> **Your instructions**: Output every line below exactly.

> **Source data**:
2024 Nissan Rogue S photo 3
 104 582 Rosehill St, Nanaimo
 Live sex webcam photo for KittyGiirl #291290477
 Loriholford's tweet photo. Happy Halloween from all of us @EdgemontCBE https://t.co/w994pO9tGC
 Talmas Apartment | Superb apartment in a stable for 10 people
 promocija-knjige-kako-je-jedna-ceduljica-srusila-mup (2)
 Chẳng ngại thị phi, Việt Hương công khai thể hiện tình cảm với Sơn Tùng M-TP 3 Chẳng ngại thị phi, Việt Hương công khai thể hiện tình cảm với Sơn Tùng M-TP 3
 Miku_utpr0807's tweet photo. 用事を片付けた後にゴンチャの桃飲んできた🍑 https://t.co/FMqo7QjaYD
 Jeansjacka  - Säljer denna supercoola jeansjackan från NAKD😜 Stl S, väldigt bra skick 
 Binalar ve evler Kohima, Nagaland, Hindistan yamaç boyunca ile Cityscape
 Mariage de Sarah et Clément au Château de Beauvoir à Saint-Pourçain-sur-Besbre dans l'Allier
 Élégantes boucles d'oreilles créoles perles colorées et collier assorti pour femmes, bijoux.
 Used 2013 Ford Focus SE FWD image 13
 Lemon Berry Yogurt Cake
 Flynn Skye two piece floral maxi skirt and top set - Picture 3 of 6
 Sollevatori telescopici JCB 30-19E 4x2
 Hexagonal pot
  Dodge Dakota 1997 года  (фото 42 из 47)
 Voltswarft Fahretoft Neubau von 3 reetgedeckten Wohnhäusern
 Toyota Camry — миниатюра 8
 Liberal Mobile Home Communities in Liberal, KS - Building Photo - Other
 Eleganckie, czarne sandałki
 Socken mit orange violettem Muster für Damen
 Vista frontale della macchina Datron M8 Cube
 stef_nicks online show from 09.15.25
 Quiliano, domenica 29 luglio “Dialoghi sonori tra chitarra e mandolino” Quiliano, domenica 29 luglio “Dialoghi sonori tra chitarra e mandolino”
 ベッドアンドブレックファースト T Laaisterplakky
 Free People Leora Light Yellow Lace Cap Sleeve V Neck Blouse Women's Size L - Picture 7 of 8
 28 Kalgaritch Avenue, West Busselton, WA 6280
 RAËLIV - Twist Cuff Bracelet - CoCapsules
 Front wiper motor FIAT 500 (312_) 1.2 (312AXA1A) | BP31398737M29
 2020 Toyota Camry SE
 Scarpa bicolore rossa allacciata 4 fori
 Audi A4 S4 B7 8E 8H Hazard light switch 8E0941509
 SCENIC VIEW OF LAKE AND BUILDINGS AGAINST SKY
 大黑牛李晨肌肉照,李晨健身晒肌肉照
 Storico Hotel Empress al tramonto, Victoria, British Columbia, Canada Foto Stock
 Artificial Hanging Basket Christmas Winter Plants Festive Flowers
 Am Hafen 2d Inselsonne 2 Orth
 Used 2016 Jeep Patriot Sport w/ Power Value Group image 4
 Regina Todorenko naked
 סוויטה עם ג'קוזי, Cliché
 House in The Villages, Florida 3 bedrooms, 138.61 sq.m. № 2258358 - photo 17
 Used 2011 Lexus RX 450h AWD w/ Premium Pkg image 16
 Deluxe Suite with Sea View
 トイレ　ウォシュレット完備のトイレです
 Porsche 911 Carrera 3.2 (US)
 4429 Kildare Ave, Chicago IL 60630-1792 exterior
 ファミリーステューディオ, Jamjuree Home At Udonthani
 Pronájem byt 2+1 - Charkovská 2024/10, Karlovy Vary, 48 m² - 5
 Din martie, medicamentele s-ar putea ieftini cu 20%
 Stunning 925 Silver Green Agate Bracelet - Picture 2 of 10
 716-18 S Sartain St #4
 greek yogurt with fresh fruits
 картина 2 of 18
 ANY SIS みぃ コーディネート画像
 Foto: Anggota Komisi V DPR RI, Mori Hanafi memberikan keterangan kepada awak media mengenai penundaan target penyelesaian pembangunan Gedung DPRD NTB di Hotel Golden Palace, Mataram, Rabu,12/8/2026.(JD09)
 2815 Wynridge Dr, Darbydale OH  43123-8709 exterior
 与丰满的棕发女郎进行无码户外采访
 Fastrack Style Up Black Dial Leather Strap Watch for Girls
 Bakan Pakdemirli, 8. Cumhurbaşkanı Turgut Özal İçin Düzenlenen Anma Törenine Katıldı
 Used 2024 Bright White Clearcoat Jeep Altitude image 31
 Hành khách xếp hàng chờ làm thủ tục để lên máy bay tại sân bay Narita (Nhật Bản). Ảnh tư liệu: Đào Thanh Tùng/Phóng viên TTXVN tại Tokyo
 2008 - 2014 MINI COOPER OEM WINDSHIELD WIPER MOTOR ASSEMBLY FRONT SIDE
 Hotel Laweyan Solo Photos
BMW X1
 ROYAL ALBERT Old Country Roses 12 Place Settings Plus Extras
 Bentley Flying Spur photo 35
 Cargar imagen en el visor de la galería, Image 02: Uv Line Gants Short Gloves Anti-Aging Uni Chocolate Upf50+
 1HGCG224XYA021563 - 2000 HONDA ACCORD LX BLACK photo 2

> **Result for this exercise**:
2024 Nissan Rogue S photo 3
 104 582 Rosehill St, Nanaimo
 Live sex webcam photo for KittyGiirl #291290477
 Loriholford's tweet photo. Happy Halloween from all of us @EdgemontCBE https://t.co/w994pO9tGC
 Talmas Apartment | Superb apartment in a stable for 10 people
 promocija-knjige-kako-je-jedna-ceduljica-srusila-mup (2)
 Chẳng ngại thị phi, Việt Hương công khai thể hiện tình cảm với Sơn Tùng M-TP 3 Chẳng ngại thị phi, Việt Hương công khai thể hiện tình cảm với Sơn Tùng M-TP 3
 Miku_utpr0807's tweet photo. 用事を片付けた後にゴンチャの桃飲んできた🍑 https://t.co/FMqo7QjaYD
 Jeansjacka  - Säljer denna supercoola jeansjackan från NAKD😜 Stl S, väldigt bra skick 
 Binalar ve evler Kohima, Nagaland, Hindistan yamaç boyunca ile Cityscape
 Mariage de Sarah et Clément au Château de Beauvoir à Saint-Pourçain-sur-Besbre dans l'Allier
 Élégantes boucles d'oreilles créoles perles colorées et collier assorti pour femmes, bijoux.
 Used 2013 Ford Focus SE FWD image 13
 Lemon Berry Yogurt Cake
 Flynn Skye two piece floral maxi skirt and top set - Picture 3 of 6
 Sollevatori telescopici JCB 30-19E 4x2
 Hexagonal pot
  Dodge Dakota 1997 года  (фото 42 из 47)
 Voltswarft Fahretoft Neubau von 3 reetgedeckten Wohnhäusern
 Toyota Camry — миниатюра 8
 Liberal Mobile Home Communities in Liberal, KS - Building Photo - Other
 Eleganckie, czarne sandałki
 Socken mit orange violettem Muster für Damen
 Vista frontale della macchina Datron M8 Cube
 stef_nicks online show from 09.15.25
 Quiliano, domenica 29 luglio “Dialoghi sonori tra chitarra e mandolino” Quiliano, domenica 29 luglio “Dialoghi sonori tra chitarra e mandolino”
 ベッドアンドブレックファースト T Laaisterplakky
 Free People Leora Light Yellow Lace Cap Sleeve V Neck Blouse Women's Size L - Picture 7 of 8
 28 Kalgaritch Avenue, West Busselton, WA 6280
 RAËLIV - Twist Cuff Bracelet - CoCapsules
 Front wiper motor FIAT 500 (312_) 1.2 (312AXA1A) | BP31398737M29
 2020 Toyota Camry SE
 Scarpa bicolore rossa allacciata 4 fori
 Audi A4 S4 B7 8E 8H Hazard light switch 8E0941509
 SCENIC VIEW OF LAKE AND BUILDINGS AGAINST SKY
 大黑牛李晨肌肉照,李晨健身晒肌肉照
 Storico Hotel Empress al tramonto, Victoria, British Columbia, Canada Foto Stock
 Artificial Hanging Basket Christmas Winter Plants Festive Flowers
 Am Hafen 2d Inselsonne 2 Orth
 Used 2016 Jeep Patriot Sport w/ Power Value Group image 4
 Regina Todorenko naked
 סוויטה עם ג'קוזי, Cliché
 House in The Villages, Florida 3 bedrooms, 138.61 sq.m. № 2258358 - photo 17
 Used 2011 Lexus RX 450h AWD w/ Premium Pkg image 16
 Deluxe Suite with Sea View
 トイレ　ウォシュレット完備のトイレです
 Porsche 911 Carrera 3.2 (US)
 4429 Kildare Ave, Chicago IL 60630-1792 exterior
 ファミリーステューディオ, Jamjuree Home At Udonthani
 Pronájem byt 2+1 - Charkovská 2024/10, Karlovy Vary, 48 m² - 5
 Din martie, medicamentele s-ar putea ieftini cu 20%
 Stunning 925 Silver Green Agate Bracelet - Picture 2 of 10
 716-18 S Sartain St #4
 greek yogurt with fresh fruits
 картина 2 of 18
 ANY SIS みぃ コーディネート画像
 Foto: Anggota Komisi V DPR RI, Mori Hanafi memberikan keterangan kepada awak media mengenai penundaan target penyelesaian pembangunan Gedung DPRD NTB di Hotel Golden Palace, Mataram, Rabu,12/8/2026.(JD09)
 2815 Wynridge Dr, Darbydale OH  43123-8709 exterior
 与丰满的棕发女郎进行无码户外采访
 Fastrack Style Up Black Dial Leather Strap Watch for Girls
 Bakan Pakdemirli, 8. Cumhurbaşkanı Turgut Özal İçin Düzenlenen Anma Törenine Katıldı
 Used 2024 Bright White Clearcoat Jeep Altitude image 31
 Hành khách xếp hàng chờ làm thủ tục để lên máy bay tại sân bay Narita (Nhật Bản). Ảnh tư liệu: Đào Thanh Tùng/Phóng viên TTXVN tại Tokyo
 2008 - 2014 MINI COOPER OEM WINDSHIELD WIPER MOTOR ASSEMBLY FRONT SIDE
 Hotel Laweyan Solo Photos
BMW X1
 ROYAL ALBERT Old Country Roses 12 Place Settings Plus Extras
 Bentley Flying Spur photo 35
 Cargar imagen en el visor de la galería, Image 02: Uv Line Gants Short Gloves Anti-Aging Uni Chocolate Upf50+
 1HGCG224XYA021563 - 2000 HONDA ACCORD LX BLACK photo 2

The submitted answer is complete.